The Serious Fraud Office has declined to prosecute as all the actions of the directors were within company and financial law. The report details and alleges bribery, corruption, tax avoidance, rampant personal greed, deception, destruction of evidence, but concludes that whatever behaviour the Phoenix Four engaged in, with their financial advisers and bankers – Deloitte and Barclays – it was all legal.
There is no action that the government can take against the Phoenix Four other than pathetically requesting that they volunteer to bar themselves from ever running a business again. The Four responded by dismissing the £16 million investigation as “a witch hunt against them and a whitewash of government…It drips with the hallmarks of this government – spin, smear and point blank refusal to take any responsibility for their own actions.” Not the words of someone going to volunteer for anything and the report has a huge glaring hole in that the government’s role hardly gets a mention!

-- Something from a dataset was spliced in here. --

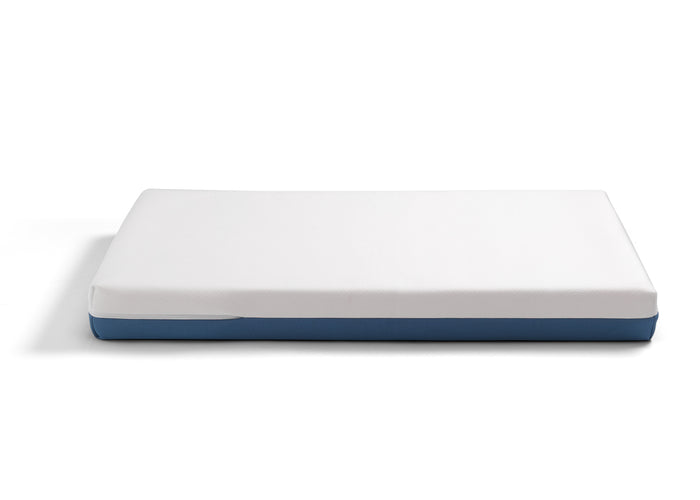 Navy and White (NO) 3-Serta CloudCool Crib and Toddler Mattress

So one of the first great con tricks of the 21st century, the buying of MG Rover for £10 from BMW, the interest free loans from BMW worth hundreds of millions of pounds, the five-year plan to personally enrich themselves by £75 million, the games with China – will they won’t they invest, the use of state of the art computer software to destroy records, must result in Hollywood making the film. The Phoenix Four took the money and got away with it, stuff of capitalist legend and just like MPs expenses scandal and fraud, all legal, all within the rules, all untouchable.